Randy Luth cashed out to the tune of millions, and Freedom Group streamlined several of the different branches of operations they acquired from Remington, Bushmaster, and DPMS. You now see "Bushmaster" logo AR15's with the Serpent but no ARM, with "Ilion New York" listed as the place of manufacture (Remington), with BCG's with a "D" stamped on the left side (DPMS), using Remington barrels.
Like I said, none of those 3 companies really exists anymore if looking at them the way we were accustomed to over the years. I already went from thinking Bushmaster is best, to I won't buy one of these ever again after watching their QC and very limited quality go downhill in assembly over the early 2000's, and I would never purchase a legacy DPMS carbine in 5.56 from the Luth era anyway after running them in high volume.

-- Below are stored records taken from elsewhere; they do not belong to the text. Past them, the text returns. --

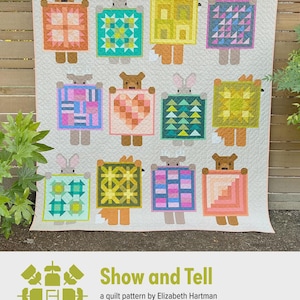 May include: A handmade quilt featuring whimsical animal figures holding colorful geometric designs. The quilt showcases a variety of colors, including pink, blue, yellow, and green, with a cream-colored background. The text "Show and Tell" is visible.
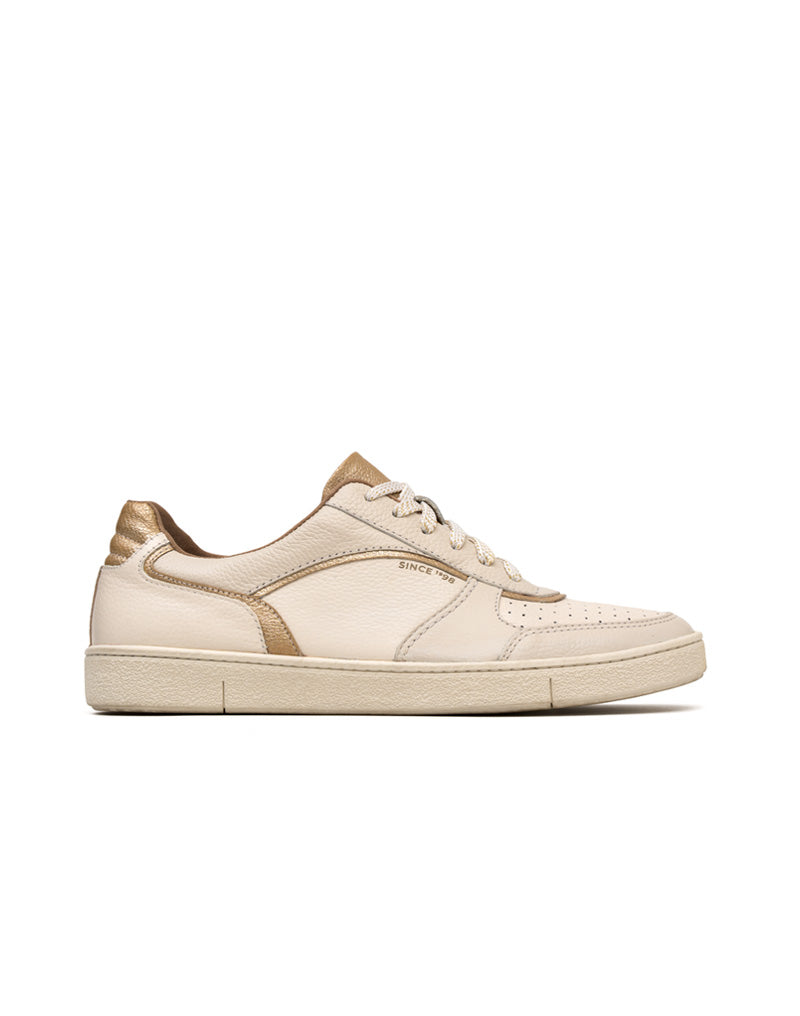Deportivo en cuero silueta minimalista y moderna, para mujer color beige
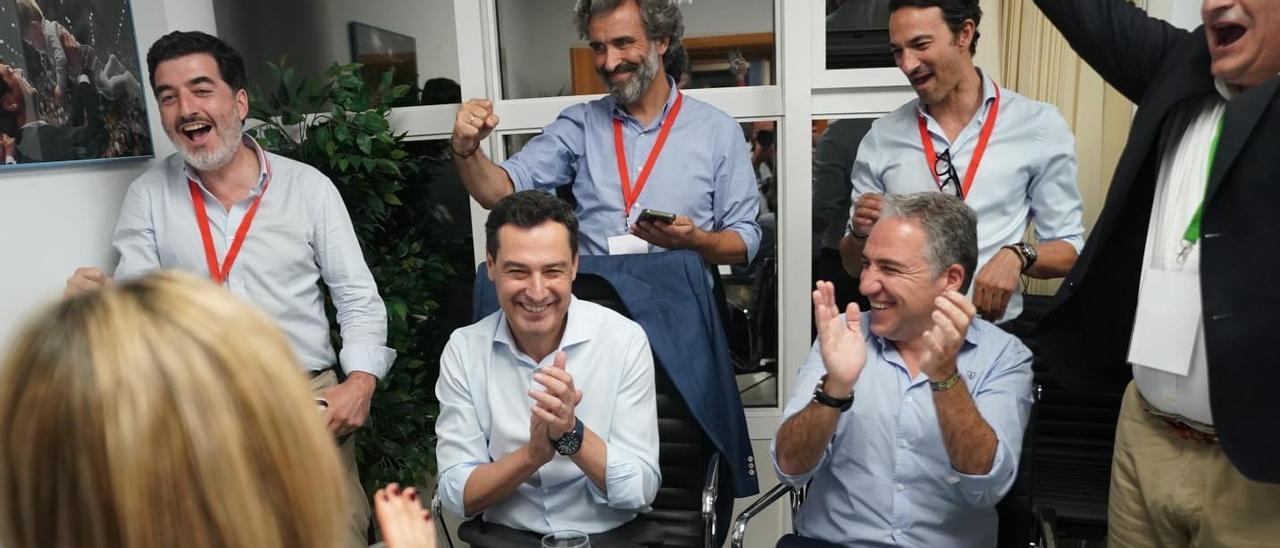 Juanma Moreno y Elías Bendodo celebran la noticia de la mayoría absoluta junto a varios asesores.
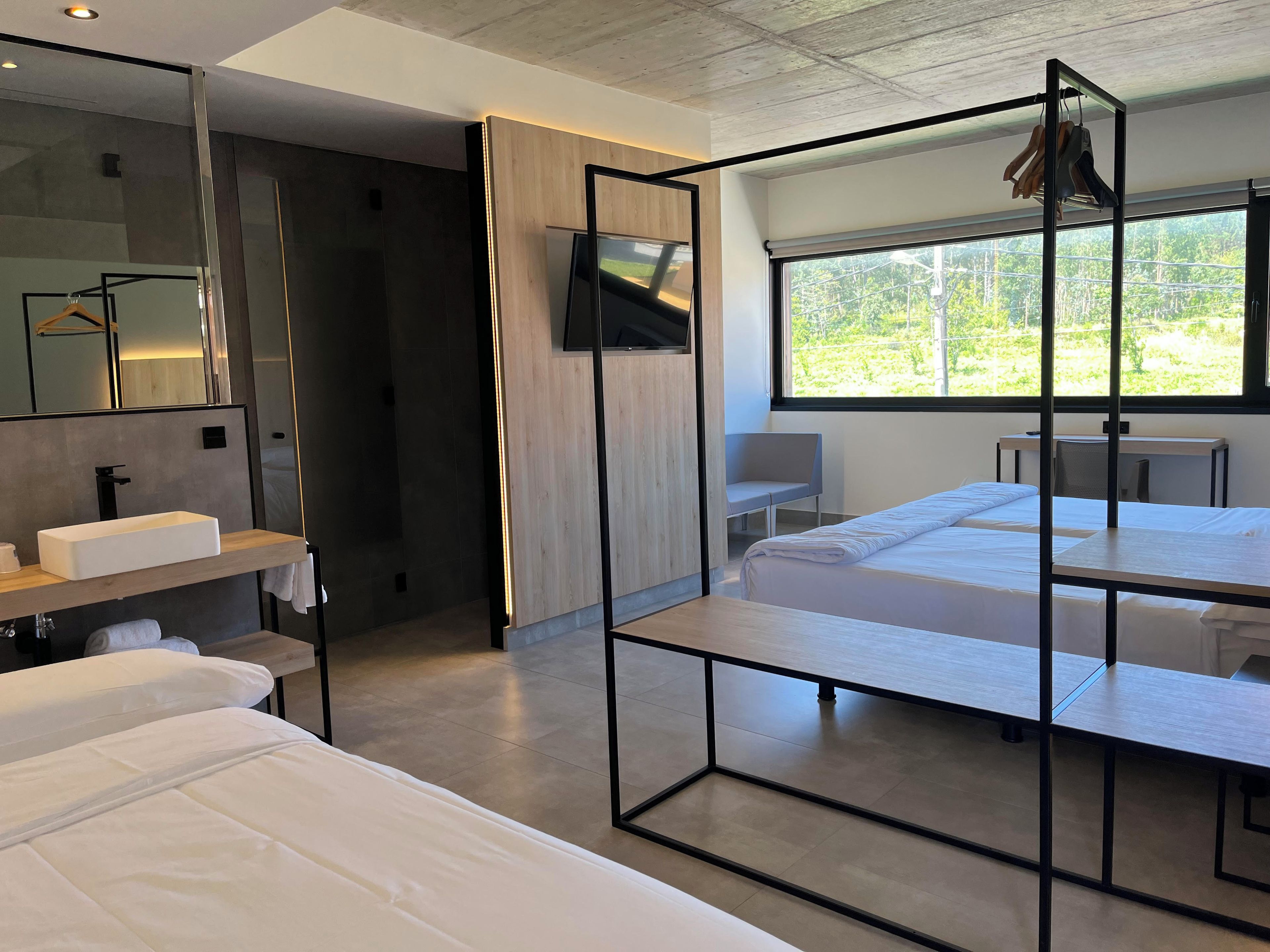 A modern hotel room with a large bed, a bedside table, a mirror, a TV, and a window with a view of greenery.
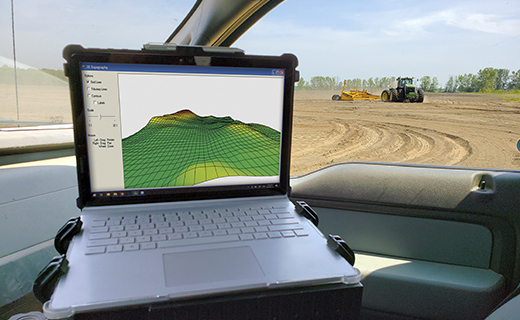 A farmer uses WM-Subsurface design software on a laptop in their vehicle.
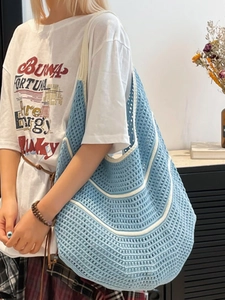 Handcrafted blue and white woven hobo shoulder bag with a spacious minimalist design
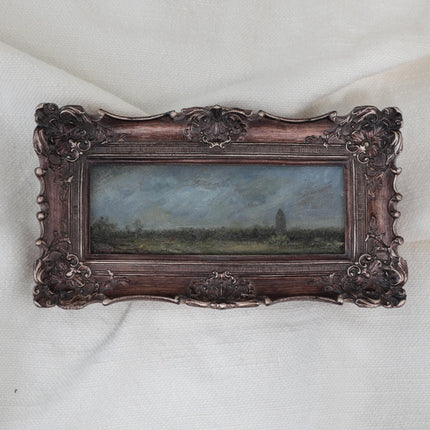 Small moody landscape oil painting of a stormy sky over green fields and a distant tower in an ornate vintage-style frame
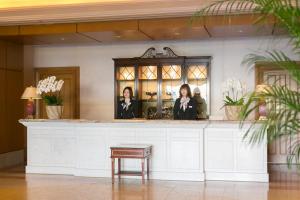 zwei Frauen stehen an einem Tresen in der Hotellobby in der Unterkunft Hotel Grand Tiara Minaminagoya in Anjomachi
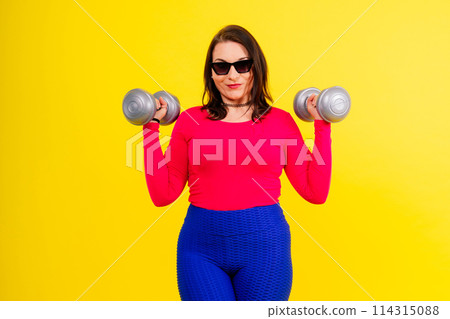 Sporty plump woman doing exercises with dumbbells. Sports motivation and healthy lifestyle 114315088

To me, the GII looks nothing like the Luth era DPMS low grade aluminum, short cut at every corner carbines, because it simply isn't. That won't escape a lot of people who came to the same conclusions that I did about the Luth era DPMS, because you only get one chance to make a 1st impression, and that simple mentality drives a lot of decision making with gun customers.
I like to stay flexible and as updated as possible as to what is going on, and the GII really appears to be a new breed of AR innovation in many aspects, none of which resemble DPMS other than some of the cheap and outdated furniture, which I hope is just a way of getting rid of excess stock, and not a continuation of old designs, like the Glacier Guard, or the heavy pineapple quad rails.

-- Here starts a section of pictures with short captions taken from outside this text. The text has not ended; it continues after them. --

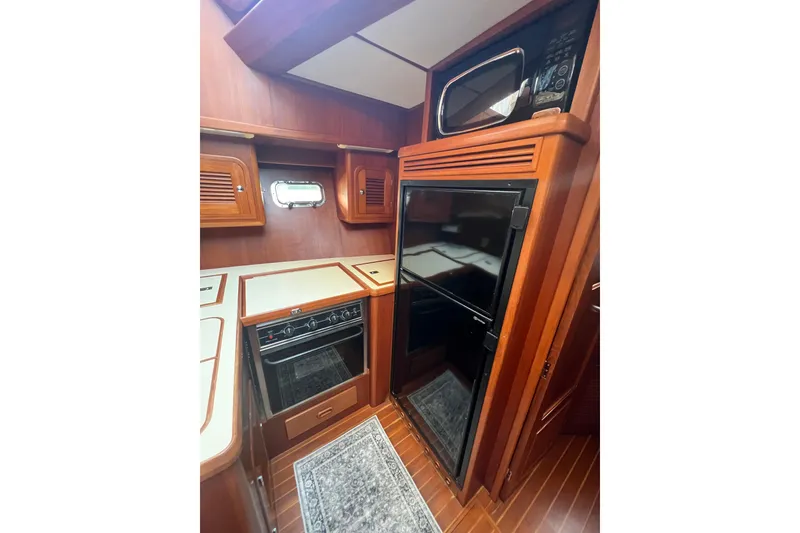 Slide: The Image of Interior of 2007 Heritage East 36 Sundeck Trawler with wood cabinetry and modern appliances. - 24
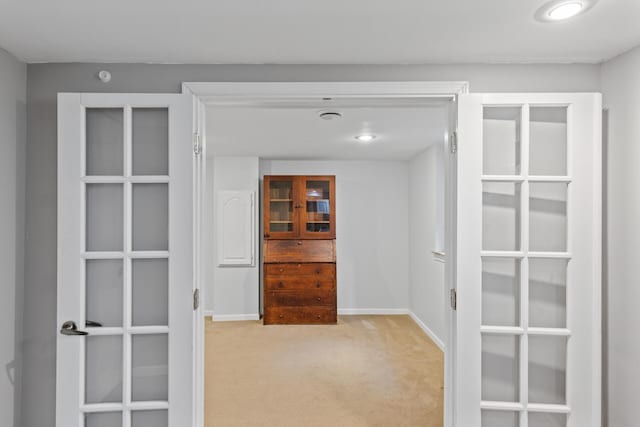 spacious closet with light colored carpet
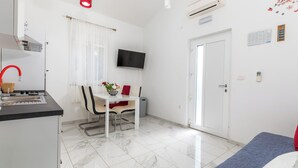 A modern hotel room with a kitchen area, a dining table with chairs, a TV mounted on the wall, and a door with a calendar and notes on the wall. - Apartman u Volme, Medulin (Banjole)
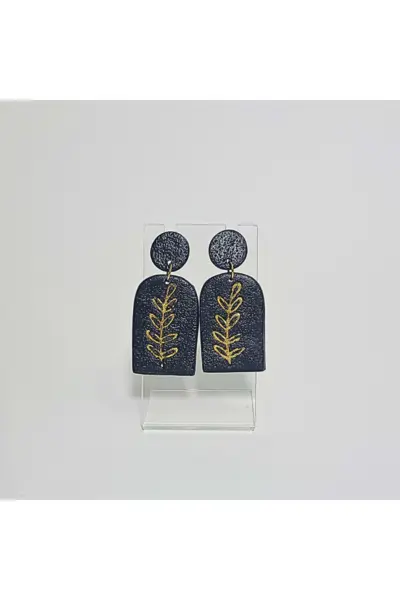 Negro con Hojas Doradas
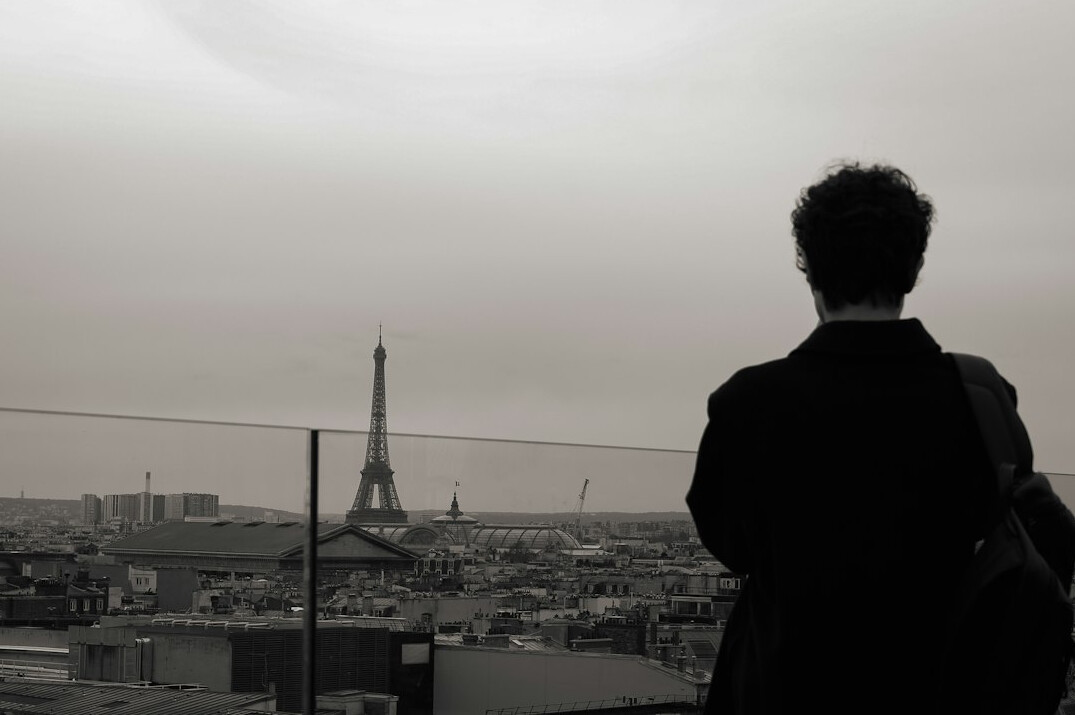 Business leader looking out of an office window over a European city skyline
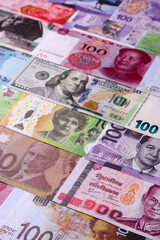 Paper money, banknotes of different countries as a business background. Paper money and cash
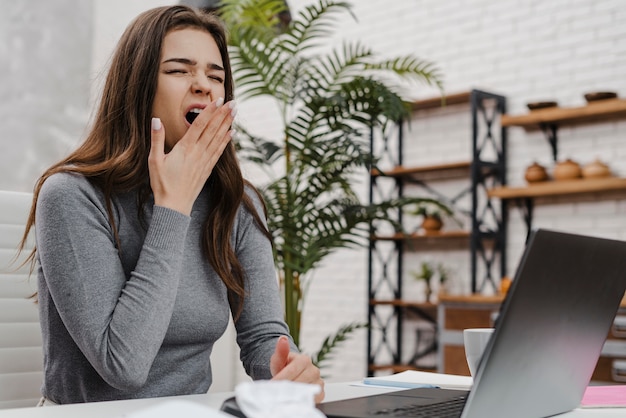 Foto jonge vrouw verveeld tijdens het werken vanuit huis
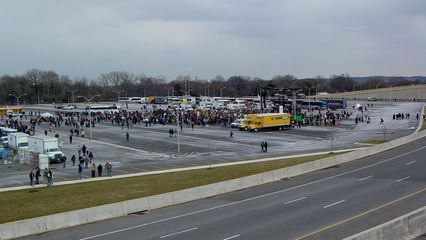 All the while, the mainstream march group was continuing to arrive at the Pentagon's north parking lot.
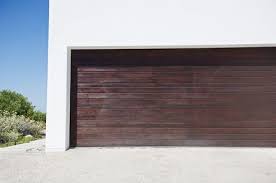 A sectional garage door opens vertically like a standard door, but without kicking out like an up and over door. Choosing The Best Garage Door Material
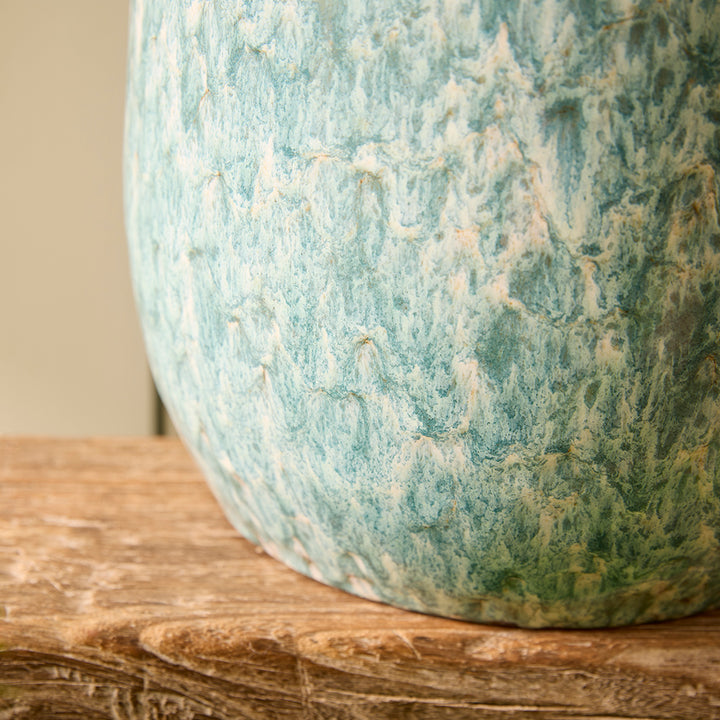 Green marble-patterned vase on a wooden surface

Sure, eat the inventory up of those components which Joe Blow is going to rip off and replace with MI and Sampson, but don't make any new ones. The newer handguard designs that DPMS has offered on their 3-gun and more recent rifles makes a lot more sense, or they can start throwing on the MI and Sampson handguards as factory models, replacing what they are putting on the Recon, SASS, and maybe one other model.
If I were driving the boat, I would design a dedicated and updated lightweight SASS handguard, with a permanent 12 o'clock rail, tons of lightening cuts, vent holes, but a sold attachment system that doesn't rob accuracy or come loose. Nobody should have to mess about with the higher price point models, in my opinion.